* _STORED DATA_
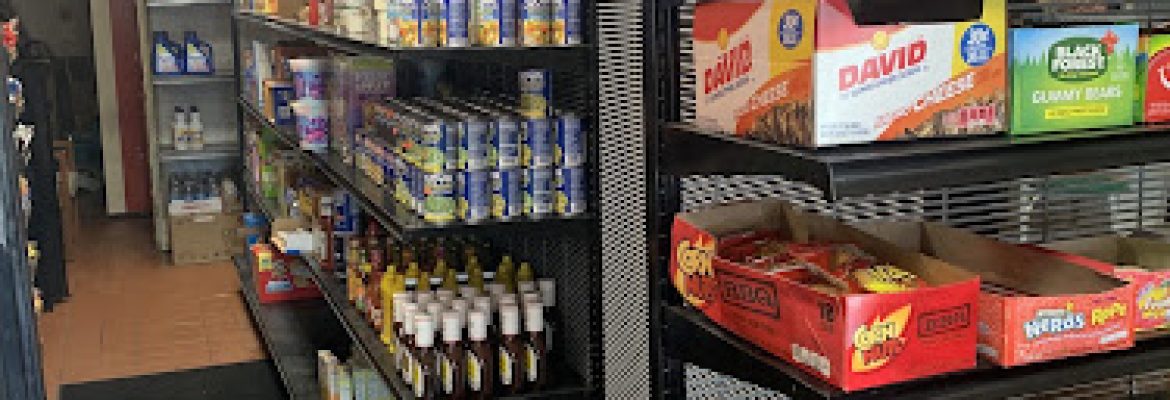 Delgado Grocery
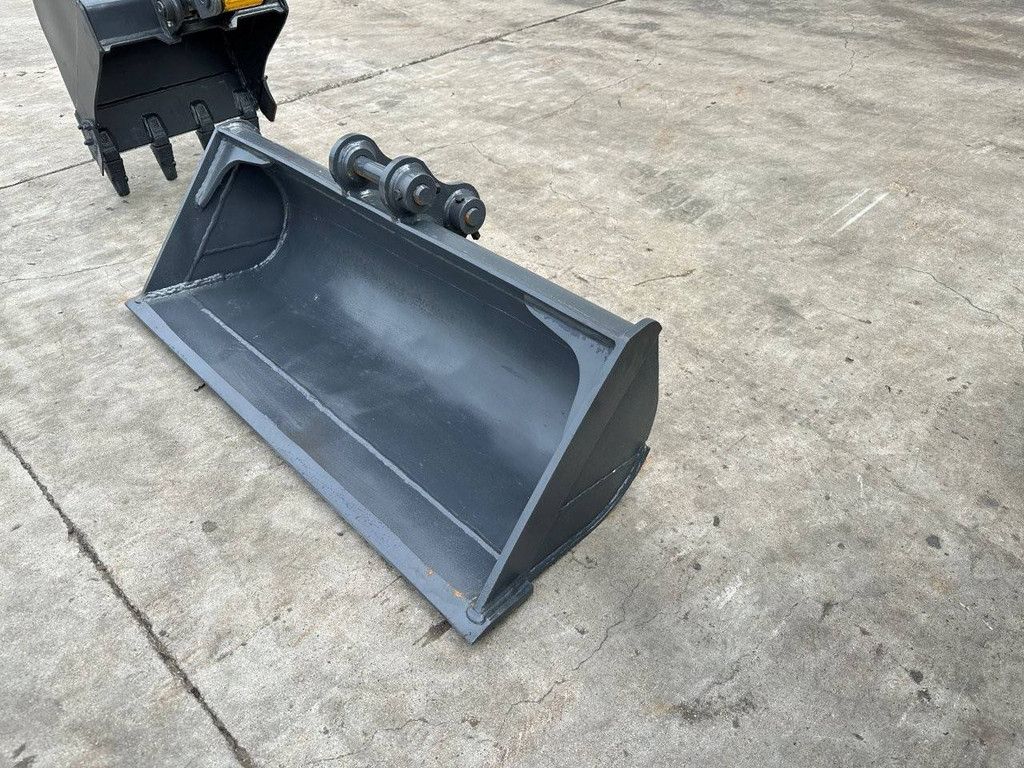 Minibagger LiuGong 9027 FZTS Diesel 2026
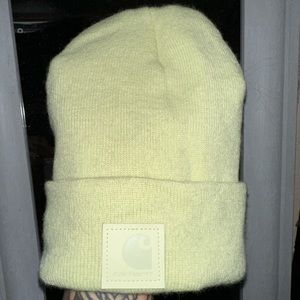Carhartt beanie
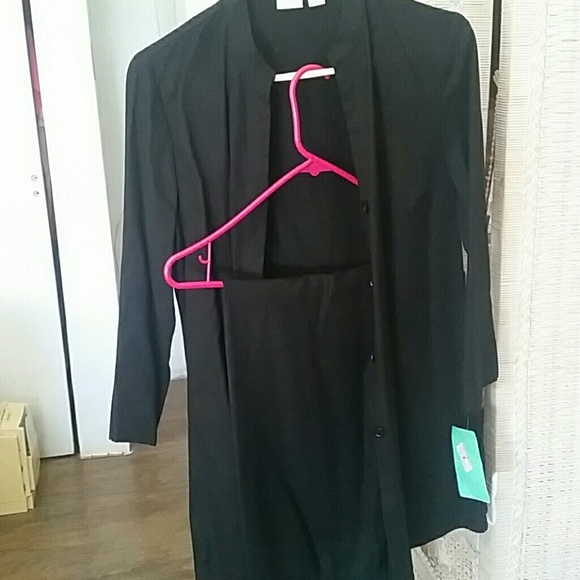 Clothing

* _YOUR INSTRUCTIONS_
Pictures stay out. Write out everything else in the material exactly.

* _EXPECTED ANSWER_
 Delgado Grocery
 Minibagger LiuGong 9027 FZTS Diesel 2026
Carhartt beanie
 Clothing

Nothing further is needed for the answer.